How do you say goodbye to the classmates you’ve known all your life?
The question weighed on the minds of speakers Saturday during Black River High School’s 58th commencement ceremony.
“Reach out and high-five the person next to you,” guest speaker Janice Kollar told graduates. “These are the people you started kindergarten and survived freshman year with. Give them a hug. You guys made it.”
Kollar, a former history teacher in the district, spoke to a Class of 2018 that’s amassed $3.2 million in savings toward college between scholarship offers and 836 College Credit Plus hours. Graduates also racked up 2,000 hours of community service.

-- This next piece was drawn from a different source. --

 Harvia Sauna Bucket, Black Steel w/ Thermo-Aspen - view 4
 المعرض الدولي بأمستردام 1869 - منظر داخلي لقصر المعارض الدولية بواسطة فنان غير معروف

Sixty-one percent of graduates maintained an average merit roll status throughout their high school years, contributing to a 3.166 class GPA.
Three students accounted for 40 percent of scholarship money offered to the class: valedictorian Jason Wright, National Honor Society member Carrie Cepec, and academic honor diploma recipient Julia Myers.
Wright also leaves Black River as one of the country’s 2,500 National Merit Scholars and has earned a full ride to Ohio State University along with salutatorian Ashley Stroud.
“From kindergarten to this very moment, we’ve all been together 4,656 days,” Wright told a packed BHS gymnasium. “That’s almost 13 years, more than half of our lives, but also not long enough. Can it really be less than 5,000 days we’ve all known each other? Some of our earliest and best memories involve the 100 or so people graduating here today.”
“While sitting at our senior picnic a few weeks ago, it hit me that I didn’t know how to say goodbye,” Stroud told her classmates. “I didn’t know how to start my next chapter. I thought to myself, ‘These are the people I’ve grown up with, laughed with, and the people I mourned with when we lost a friend last March. After a while, I began to think not only of the goodbyes but also of the hellos. I can’t wait to see what the future holds for each and every one of you.”
Principal Todd Yoder said the class marches to the beat of its own drum and has a strong distaste for the status quo.
“You all don’t automatically assume that someone being in a position of authority makes them infallible,” he said. “You don’t blindly adhere to people’s instructions just because they’re an authority figure. You can objectively look at both sides of an issue and know life isn’t in black and white. You’re passionate about learning and knowledge liberates one from ignorance.”